O ministro que pediu demissão foi citado por Machado por ter recebido R$ 1,55 milhão em doações eleitorais provenientes do esquema de propinas pagas pelas empresas para contratos com a Petrobras. Ao saber que tinha sido um dos mencionados, Alves divulgou ontem mesmo, por sua assessoria, que repudiava as informações e considerava as declarações de Machado um ato de “irresponsabilidade”. Disse ainda que todas as doações para suas campanhas foram oficiais e tiveram prestações de contas aprovadas pela Justiça eleitoral.

Ele figurou na primeira lista de políticos encaminhada pelo procurador-geral da República, Rodrigo Janot, no ano passado, ao Supremo Tribunal Federal (STF), pedindo abertura de investigações sobre sua participação no esquema referente à estatal. No seu caso específico, é alvo de dois pedidos de abertura de inquérito, mas o STF ainda não se pronunciou a respeito de nenhum deles.

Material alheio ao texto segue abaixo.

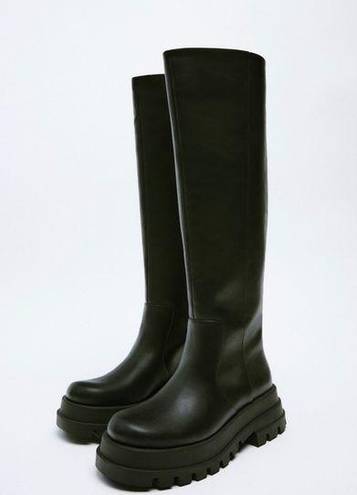 ZARA  Treaded Knee High Lug Boots - Sz 10/41/NWT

A saída de Henrique Alves do Executivo vinha sendo esperada havia algum tempo por causa de referências feitas ao seu nome em investigações da Lava Jato e em delações. Sua permanência no governo vinha sendo atribuída à forte relação que possui com Temer e ao gesto de ter sido o primeiro ministro do governo Dilma (também na pasta do Turismo) a entregar o cargo, assim que o PMDB anunciou o rompimento com o governo petista.

Queiroz Galvão

Na delação de Machado, o ex-presidente da Transpetro disse que os pagamentos feitos a Alves foram repassados pela empreiteira Queiroz Galvão em etapas diferentes, nos valores de R$ 500 mil (em 2014), R$ 250 mil (em 2012) e R$ 300 mil (em 2008). E, por fim, pela empresa Galvão Engenharia (R$ 500 mil, em 2010).

Machado também o acusou de ter chegado a levar algumas empresas da área de tecnologia à Transpetro para que fossem contratadas pela companhia, mas as negociações não avançaram porque, segundo contou, um estudo técnico da subsidiária constatou que essas empresas não possuíam perfil que se enquadrasse com a área em questão.

Juristas, investigadores, magistrados e os próprios parlamentares têm feito, constantemente, alertas de que o conteúdo revelado por investigados na Operação Lava Jato por meio do instrumento da delação premiada não tem validade até que sejam comprovadas as informações repassadas pelo Judiciário. No caso da delação de Sérgio Machado, todo o conteúdo ainda será objeto de apuração.